18.3 The HTTP and FTP Protocols

Modules urllib and urllib2 are most often the handiest ways to access servers for http, https, and ftp protocols. The Python standard library also supplies specific modules to use for these data access protocols.

18.3.1 The httplib Module

Module httplib supplies a class HTTPConnection to connect to an HTTP server.

HTTPConnection

class HTTPConnection(host,port=80)

Returns an instance h of class HTTPConnection, ready for connection (but not yet connected) to the given host and port.

Instance h supplies several methods, of which the most frequently used are the following.

close

h.close(  )

Closes the connection to the HTTP server.

getresponse

h.getresponse(  )

Returns an instance r of class HTTPResponse, which represents the response received from the HTTP server. Call after method request has returned. Instance r supplies the following attributes and methods:

r.getheader( name,default=None)

Returns the contents of header name, or default if no such header exists.

r.msg

An instance of class Message of module mimetools, covered in Chapter 21. You can use r.msg to access the response's headers and body.

r.read( )

Returns a string that is the body of the server's response.

r.reason

The string that the server gave as the reason for errors or anomalies. If the request was successful, r.reason could, for example, be 'OK'.

r.status

An integer, the status code that the server returned. If the request was successful, r.status should be between 200 and 299 according to the HTTP standards. Values between 400 and 599 are typical error codes, again according to HTTP standards. For example, 404 is the error code that a server sends when the page you request cannot be found.

r.version

10 if the server supports only HTTP 1.0, 11 if the server supports HTTP 1.1.

request

h.request(command,URL,data=None,headers={})

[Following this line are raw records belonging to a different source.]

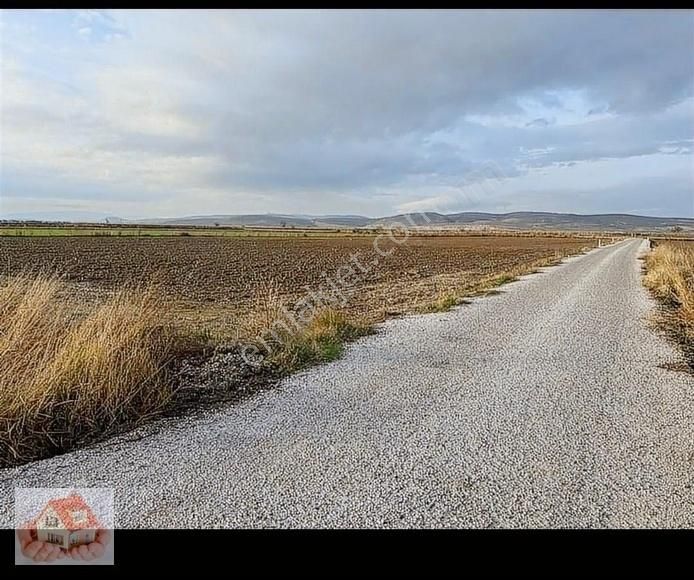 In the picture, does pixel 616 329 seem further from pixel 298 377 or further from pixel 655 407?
pixel 298 377

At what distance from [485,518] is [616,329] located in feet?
25.1

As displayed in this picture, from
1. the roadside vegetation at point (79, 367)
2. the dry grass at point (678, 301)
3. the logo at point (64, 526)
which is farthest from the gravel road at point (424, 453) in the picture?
the dry grass at point (678, 301)

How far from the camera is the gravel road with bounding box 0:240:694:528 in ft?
10.8

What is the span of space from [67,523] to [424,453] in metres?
2.52

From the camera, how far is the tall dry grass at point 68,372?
4430 millimetres

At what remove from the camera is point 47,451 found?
4254 millimetres

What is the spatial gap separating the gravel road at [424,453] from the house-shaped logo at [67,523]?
17 centimetres

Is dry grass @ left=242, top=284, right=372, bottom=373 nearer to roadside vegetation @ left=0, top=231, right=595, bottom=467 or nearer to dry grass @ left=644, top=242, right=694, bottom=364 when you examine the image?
roadside vegetation @ left=0, top=231, right=595, bottom=467

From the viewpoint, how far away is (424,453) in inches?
164

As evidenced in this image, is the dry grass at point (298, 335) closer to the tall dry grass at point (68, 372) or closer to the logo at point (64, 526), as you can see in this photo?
the tall dry grass at point (68, 372) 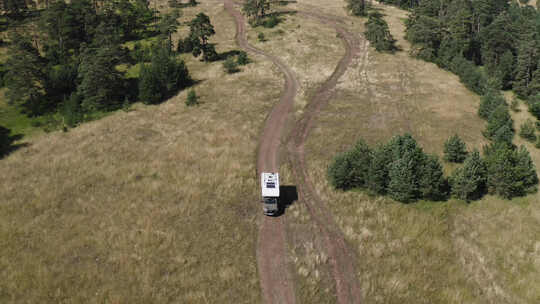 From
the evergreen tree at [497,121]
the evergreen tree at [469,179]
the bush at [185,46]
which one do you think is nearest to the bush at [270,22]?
the bush at [185,46]

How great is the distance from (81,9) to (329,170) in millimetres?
105335

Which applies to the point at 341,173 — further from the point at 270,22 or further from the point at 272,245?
the point at 270,22

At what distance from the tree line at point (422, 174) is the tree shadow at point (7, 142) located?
2177 inches

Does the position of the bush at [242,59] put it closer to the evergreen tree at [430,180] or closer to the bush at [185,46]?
the bush at [185,46]

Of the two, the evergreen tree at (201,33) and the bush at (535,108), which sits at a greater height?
the evergreen tree at (201,33)

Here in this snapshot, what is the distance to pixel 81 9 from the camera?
103 meters

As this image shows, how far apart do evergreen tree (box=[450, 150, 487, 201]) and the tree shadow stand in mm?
70211

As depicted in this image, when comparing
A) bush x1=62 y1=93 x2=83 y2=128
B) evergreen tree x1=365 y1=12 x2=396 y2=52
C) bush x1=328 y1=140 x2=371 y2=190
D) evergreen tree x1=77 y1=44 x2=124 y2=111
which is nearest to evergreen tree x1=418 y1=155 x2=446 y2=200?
bush x1=328 y1=140 x2=371 y2=190

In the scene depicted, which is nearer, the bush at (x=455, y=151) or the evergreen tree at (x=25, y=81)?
the bush at (x=455, y=151)

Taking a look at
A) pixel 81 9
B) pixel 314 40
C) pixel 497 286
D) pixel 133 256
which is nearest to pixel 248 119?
pixel 133 256

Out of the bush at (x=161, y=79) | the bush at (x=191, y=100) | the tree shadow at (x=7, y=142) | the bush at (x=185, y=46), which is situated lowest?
the tree shadow at (x=7, y=142)

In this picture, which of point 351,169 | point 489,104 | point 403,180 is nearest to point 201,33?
point 351,169

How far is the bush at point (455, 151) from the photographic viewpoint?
47.9 metres

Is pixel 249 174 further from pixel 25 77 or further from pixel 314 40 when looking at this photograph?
pixel 314 40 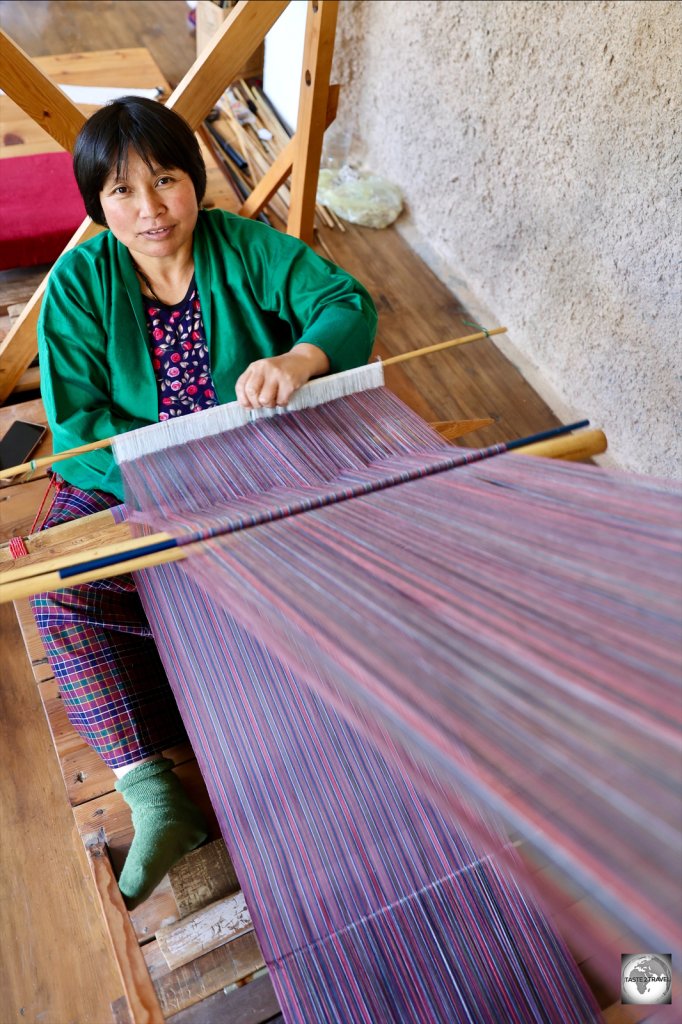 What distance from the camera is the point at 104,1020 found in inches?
52.9

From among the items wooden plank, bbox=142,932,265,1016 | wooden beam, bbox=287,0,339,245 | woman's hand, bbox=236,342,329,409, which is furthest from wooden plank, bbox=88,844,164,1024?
wooden beam, bbox=287,0,339,245

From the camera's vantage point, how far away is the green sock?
113 centimetres

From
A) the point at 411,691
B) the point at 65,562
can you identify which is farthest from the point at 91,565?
the point at 411,691

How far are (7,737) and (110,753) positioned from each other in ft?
1.61

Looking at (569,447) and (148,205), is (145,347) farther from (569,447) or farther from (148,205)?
(569,447)

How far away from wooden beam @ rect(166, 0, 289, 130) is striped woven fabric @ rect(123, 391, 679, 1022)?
946mm

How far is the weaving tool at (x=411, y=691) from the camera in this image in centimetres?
52

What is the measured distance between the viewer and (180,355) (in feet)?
4.92

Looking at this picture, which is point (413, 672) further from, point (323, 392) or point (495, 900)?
point (323, 392)

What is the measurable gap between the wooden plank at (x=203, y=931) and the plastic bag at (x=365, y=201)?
2.47m

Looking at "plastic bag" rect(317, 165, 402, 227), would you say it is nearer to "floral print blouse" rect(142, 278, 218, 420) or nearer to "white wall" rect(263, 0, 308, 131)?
"white wall" rect(263, 0, 308, 131)

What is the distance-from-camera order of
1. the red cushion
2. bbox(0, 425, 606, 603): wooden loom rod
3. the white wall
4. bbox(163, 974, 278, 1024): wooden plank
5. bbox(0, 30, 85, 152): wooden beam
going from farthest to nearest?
1. the white wall
2. the red cushion
3. bbox(0, 30, 85, 152): wooden beam
4. bbox(163, 974, 278, 1024): wooden plank
5. bbox(0, 425, 606, 603): wooden loom rod

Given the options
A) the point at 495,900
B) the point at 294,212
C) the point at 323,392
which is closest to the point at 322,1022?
the point at 495,900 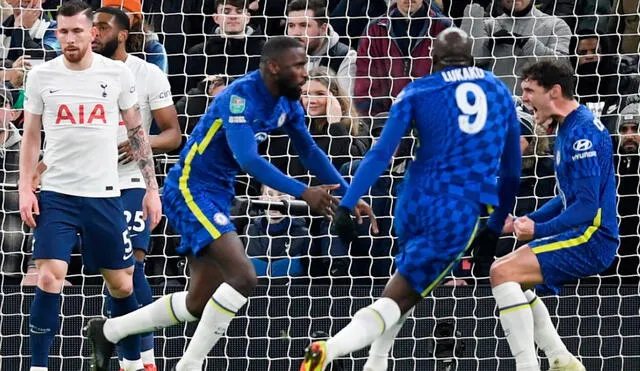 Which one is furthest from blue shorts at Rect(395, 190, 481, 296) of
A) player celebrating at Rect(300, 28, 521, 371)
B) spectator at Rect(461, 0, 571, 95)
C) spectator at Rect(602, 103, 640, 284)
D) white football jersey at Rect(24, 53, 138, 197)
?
spectator at Rect(461, 0, 571, 95)

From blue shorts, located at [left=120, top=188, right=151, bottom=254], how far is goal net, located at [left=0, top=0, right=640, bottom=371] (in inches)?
43.0

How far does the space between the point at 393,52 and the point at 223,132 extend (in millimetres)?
3520

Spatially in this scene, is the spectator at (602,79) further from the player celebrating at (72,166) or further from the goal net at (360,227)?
the player celebrating at (72,166)

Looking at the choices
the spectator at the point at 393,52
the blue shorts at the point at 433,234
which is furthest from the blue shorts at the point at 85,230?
the spectator at the point at 393,52

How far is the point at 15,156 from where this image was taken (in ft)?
35.7

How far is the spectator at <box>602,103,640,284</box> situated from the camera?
1099 cm

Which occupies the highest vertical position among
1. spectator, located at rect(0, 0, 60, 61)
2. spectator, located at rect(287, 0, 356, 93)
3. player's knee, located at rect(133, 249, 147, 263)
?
spectator, located at rect(287, 0, 356, 93)

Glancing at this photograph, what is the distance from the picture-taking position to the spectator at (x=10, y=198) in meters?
10.8

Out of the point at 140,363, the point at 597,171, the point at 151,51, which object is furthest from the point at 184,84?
the point at 597,171

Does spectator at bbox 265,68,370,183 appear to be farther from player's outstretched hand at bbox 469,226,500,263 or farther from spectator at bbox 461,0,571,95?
player's outstretched hand at bbox 469,226,500,263

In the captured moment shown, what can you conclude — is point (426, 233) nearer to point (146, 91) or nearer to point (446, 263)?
point (446, 263)

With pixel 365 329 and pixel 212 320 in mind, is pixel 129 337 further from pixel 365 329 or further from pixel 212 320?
pixel 365 329

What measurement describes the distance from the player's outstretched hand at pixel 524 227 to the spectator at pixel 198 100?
3.59m

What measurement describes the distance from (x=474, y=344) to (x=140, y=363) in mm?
2668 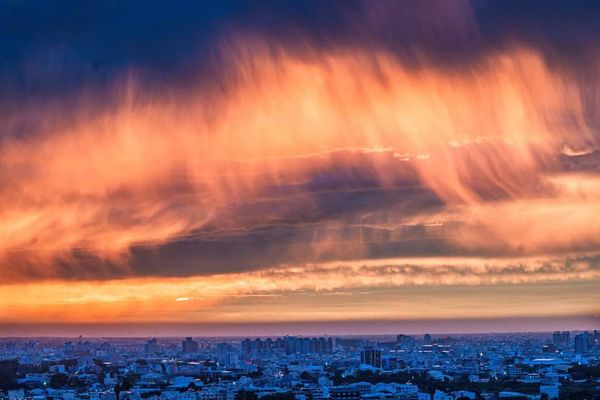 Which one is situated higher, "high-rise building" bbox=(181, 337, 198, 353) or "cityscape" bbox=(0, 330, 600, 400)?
"high-rise building" bbox=(181, 337, 198, 353)

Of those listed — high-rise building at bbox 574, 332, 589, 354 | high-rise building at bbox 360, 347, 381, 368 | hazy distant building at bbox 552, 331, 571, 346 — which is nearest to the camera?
high-rise building at bbox 360, 347, 381, 368

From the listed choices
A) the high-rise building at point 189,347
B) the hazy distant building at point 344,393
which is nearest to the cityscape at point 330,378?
the hazy distant building at point 344,393

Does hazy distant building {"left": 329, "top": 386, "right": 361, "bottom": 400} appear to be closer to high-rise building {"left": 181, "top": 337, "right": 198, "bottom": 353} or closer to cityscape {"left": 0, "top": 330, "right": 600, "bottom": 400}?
cityscape {"left": 0, "top": 330, "right": 600, "bottom": 400}

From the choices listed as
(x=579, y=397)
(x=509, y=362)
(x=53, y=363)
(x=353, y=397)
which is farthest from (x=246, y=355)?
(x=579, y=397)

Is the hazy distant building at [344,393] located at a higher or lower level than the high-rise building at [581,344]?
lower

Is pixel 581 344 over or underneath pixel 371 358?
over

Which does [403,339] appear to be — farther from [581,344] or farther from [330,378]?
[330,378]

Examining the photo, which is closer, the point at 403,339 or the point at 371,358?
the point at 371,358

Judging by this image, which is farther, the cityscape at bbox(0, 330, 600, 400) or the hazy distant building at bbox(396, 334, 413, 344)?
the hazy distant building at bbox(396, 334, 413, 344)

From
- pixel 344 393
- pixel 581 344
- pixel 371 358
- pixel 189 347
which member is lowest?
pixel 344 393

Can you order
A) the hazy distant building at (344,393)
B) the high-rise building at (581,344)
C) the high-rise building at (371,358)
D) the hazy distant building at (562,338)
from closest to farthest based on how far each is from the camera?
the hazy distant building at (344,393)
the high-rise building at (371,358)
the high-rise building at (581,344)
the hazy distant building at (562,338)

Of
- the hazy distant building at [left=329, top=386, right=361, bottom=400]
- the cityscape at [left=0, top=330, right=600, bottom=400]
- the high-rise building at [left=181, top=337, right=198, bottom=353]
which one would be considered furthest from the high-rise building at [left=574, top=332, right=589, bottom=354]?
the hazy distant building at [left=329, top=386, right=361, bottom=400]

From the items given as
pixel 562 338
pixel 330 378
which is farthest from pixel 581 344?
pixel 330 378

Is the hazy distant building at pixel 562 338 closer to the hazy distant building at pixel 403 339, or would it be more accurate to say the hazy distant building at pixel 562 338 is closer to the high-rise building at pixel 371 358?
the hazy distant building at pixel 403 339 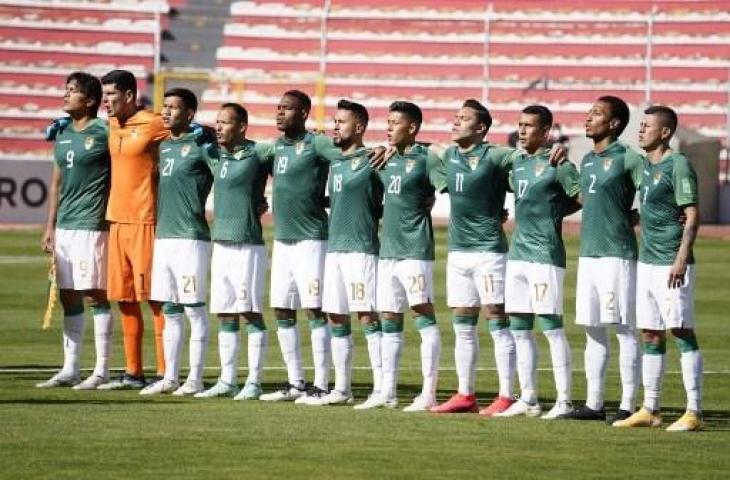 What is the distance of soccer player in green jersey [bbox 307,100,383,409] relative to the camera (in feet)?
42.8

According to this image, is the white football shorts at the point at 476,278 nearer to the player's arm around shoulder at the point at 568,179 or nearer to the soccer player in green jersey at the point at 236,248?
the player's arm around shoulder at the point at 568,179

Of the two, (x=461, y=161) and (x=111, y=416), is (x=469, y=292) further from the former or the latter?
(x=111, y=416)

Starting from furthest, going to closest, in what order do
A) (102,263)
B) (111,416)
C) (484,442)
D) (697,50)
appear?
(697,50)
(102,263)
(111,416)
(484,442)

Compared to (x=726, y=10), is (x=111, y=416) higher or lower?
lower

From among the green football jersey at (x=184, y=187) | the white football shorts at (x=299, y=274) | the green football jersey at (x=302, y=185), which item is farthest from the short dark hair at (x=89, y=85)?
the white football shorts at (x=299, y=274)

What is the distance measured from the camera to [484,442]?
11.0m

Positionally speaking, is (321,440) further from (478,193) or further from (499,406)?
(478,193)

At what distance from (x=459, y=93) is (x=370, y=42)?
8.37ft

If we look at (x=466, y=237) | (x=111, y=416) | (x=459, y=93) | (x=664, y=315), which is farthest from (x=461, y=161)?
(x=459, y=93)

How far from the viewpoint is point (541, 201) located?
1242cm

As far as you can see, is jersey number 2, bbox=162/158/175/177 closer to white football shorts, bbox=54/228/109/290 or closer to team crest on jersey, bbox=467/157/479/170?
white football shorts, bbox=54/228/109/290

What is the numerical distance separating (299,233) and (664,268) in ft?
9.11

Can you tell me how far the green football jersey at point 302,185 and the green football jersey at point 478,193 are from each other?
1042 millimetres

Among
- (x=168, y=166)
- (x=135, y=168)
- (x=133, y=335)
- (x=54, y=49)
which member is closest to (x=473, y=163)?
(x=168, y=166) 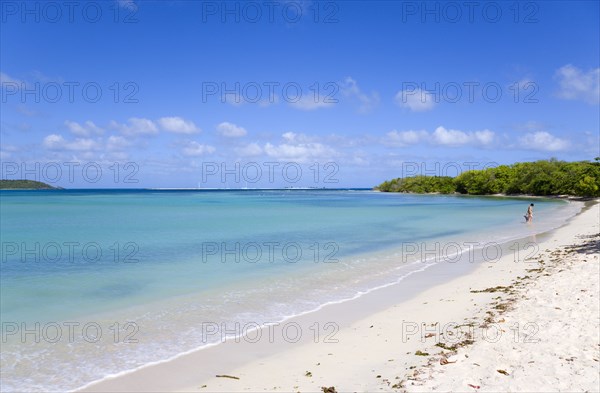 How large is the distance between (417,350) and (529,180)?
358 ft

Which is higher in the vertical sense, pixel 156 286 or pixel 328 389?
pixel 328 389

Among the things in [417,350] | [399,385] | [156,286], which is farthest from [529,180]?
[399,385]

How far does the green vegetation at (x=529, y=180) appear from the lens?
76025mm

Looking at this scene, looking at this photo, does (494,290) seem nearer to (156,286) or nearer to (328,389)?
(328,389)

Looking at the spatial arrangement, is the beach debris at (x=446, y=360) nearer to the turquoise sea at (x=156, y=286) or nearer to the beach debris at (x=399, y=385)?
A: the beach debris at (x=399, y=385)

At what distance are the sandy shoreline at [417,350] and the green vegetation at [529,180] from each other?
7367 cm

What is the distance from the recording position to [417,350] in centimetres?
627

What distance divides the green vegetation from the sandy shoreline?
73.7 meters

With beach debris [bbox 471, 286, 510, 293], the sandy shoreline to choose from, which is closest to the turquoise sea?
the sandy shoreline

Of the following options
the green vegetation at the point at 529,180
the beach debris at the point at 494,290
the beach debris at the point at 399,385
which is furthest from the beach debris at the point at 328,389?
the green vegetation at the point at 529,180

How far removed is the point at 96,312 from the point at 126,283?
10.1 ft

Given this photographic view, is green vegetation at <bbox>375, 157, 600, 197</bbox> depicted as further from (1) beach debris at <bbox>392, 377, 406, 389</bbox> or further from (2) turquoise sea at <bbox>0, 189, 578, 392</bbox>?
(1) beach debris at <bbox>392, 377, 406, 389</bbox>

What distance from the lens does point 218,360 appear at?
6496mm

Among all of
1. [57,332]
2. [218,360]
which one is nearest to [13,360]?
[57,332] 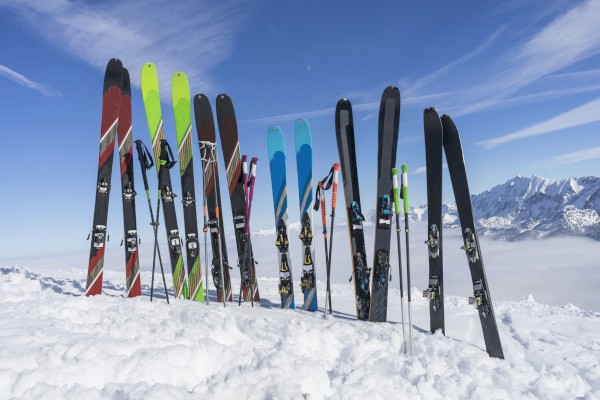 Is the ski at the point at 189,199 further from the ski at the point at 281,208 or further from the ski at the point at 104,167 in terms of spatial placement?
the ski at the point at 281,208

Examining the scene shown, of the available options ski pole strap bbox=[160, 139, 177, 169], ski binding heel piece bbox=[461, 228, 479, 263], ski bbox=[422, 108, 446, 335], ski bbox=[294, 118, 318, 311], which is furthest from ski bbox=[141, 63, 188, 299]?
ski binding heel piece bbox=[461, 228, 479, 263]

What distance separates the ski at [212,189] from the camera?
25.0 ft

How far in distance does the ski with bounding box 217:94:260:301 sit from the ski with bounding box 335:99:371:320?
1856 mm

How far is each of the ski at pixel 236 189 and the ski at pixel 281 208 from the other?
56 centimetres

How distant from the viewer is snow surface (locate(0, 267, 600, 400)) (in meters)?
3.68

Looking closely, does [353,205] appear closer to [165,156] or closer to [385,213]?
[385,213]

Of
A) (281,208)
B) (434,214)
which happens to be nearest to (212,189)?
(281,208)

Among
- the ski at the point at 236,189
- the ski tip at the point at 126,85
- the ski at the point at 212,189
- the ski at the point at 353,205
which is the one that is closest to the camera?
the ski at the point at 353,205

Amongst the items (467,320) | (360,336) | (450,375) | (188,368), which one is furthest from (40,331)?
(467,320)

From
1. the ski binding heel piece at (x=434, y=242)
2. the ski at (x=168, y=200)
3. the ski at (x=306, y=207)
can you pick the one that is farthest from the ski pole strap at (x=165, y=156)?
the ski binding heel piece at (x=434, y=242)

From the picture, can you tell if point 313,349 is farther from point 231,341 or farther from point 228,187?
point 228,187

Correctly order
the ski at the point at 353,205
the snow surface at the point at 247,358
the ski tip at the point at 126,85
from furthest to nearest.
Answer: the ski tip at the point at 126,85 → the ski at the point at 353,205 → the snow surface at the point at 247,358

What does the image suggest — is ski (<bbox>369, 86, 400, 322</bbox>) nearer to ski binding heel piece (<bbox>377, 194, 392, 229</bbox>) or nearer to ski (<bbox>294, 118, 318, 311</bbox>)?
ski binding heel piece (<bbox>377, 194, 392, 229</bbox>)

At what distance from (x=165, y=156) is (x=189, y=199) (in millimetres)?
942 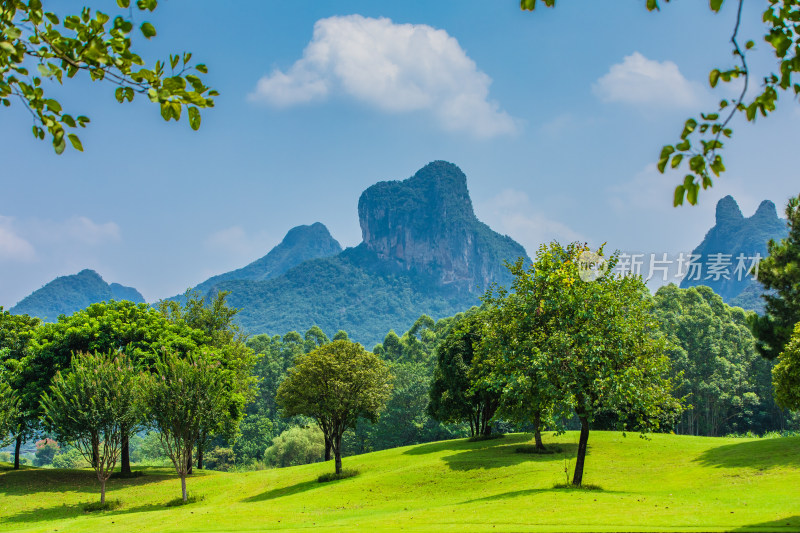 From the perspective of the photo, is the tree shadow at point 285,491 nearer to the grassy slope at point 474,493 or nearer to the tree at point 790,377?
the grassy slope at point 474,493

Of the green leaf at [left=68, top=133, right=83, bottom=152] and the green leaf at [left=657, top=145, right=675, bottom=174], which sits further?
the green leaf at [left=68, top=133, right=83, bottom=152]

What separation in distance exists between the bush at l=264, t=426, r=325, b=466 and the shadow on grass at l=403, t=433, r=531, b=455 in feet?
71.9

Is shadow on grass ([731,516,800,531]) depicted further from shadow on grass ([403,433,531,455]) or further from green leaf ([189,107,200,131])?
shadow on grass ([403,433,531,455])

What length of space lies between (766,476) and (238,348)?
123 feet

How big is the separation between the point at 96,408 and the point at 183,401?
3857 mm

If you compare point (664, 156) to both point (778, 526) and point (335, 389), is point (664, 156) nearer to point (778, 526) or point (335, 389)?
point (778, 526)

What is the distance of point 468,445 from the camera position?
3619cm

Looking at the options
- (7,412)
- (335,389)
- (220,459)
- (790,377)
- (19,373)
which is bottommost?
(220,459)

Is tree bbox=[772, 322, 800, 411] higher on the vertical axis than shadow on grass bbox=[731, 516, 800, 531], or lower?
higher

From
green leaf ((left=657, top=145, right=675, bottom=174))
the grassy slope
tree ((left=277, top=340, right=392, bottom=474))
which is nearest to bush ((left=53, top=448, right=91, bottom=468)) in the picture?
the grassy slope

Sends a request to the HTTP server. command is an HTTP command string, such as 'GET' or 'POST'. URL is an HTTP selector (i.e., a URL string without the scheme and location componentsjust the path component, possibly followed by query and/or fragment components). data, if not None, is a string sent as the body of the request, normally meaningful only for such commands as 'POST' and 'PUT'. request computes and sends the Content-Length header to describe the length of data. To send other headers, pass them as part of dictionary argument headers, with the header name as the key and the header contents as the corresponding value.

Module httplib also supplies class HTTPSConnection, used in exactly the same way as class HTTPConnection but supporting connections that use protocol https rather than protocol http.

18.3.2 The ftplib Module

The ftplib module supplies a class FTP to connect to an FTP server.

FTP

class FTP([host[,user,passwd='']])

Returns an instance f of class FTP. When host is given, implicitly calls f.connect(host). When user (and optionally passwd) is also given, implicitly calls f.login(user,passwd) afterward.

Instance f supplies many methods, of which the most frequently used are the following.

connect

f.connect(host,port=21)

Connects to an FTP server on the given host and port. Call once per instance f, as f's first method call. Don't call if host was given on creation.

cwd

f.cwd(pathname)

Sets the current directory on the FTP server to pathname.

delete

f.delete(filename)

Tells the FTP server to delete a file, and returns a string, the server's response.

login

f.login(user='anonymous',passwd='')

Logs in to the FTP server. When user is 'anonymous' and passwd is '', login determines the real user and host and sends user@host as the password, as normal anonymous FTP conventions require. Call once per instance of f, as the first method call on f after connecting.

mkd

f.mkd(pathname)

Makes a new directory, named pathname, on the FTP server.

pwd

f.pwd(  )

Returns the current directory on the FTP server.

quit

f.quit(  )

Closes the connection to the FTP server. Call as the last method call on f.

rename

f.rename(oldname,newname)

Tells the FTP server to rename a file from oldname to newname.

retrbinary

f.retrbinary(command,callback,blocksize=8192,rest=None)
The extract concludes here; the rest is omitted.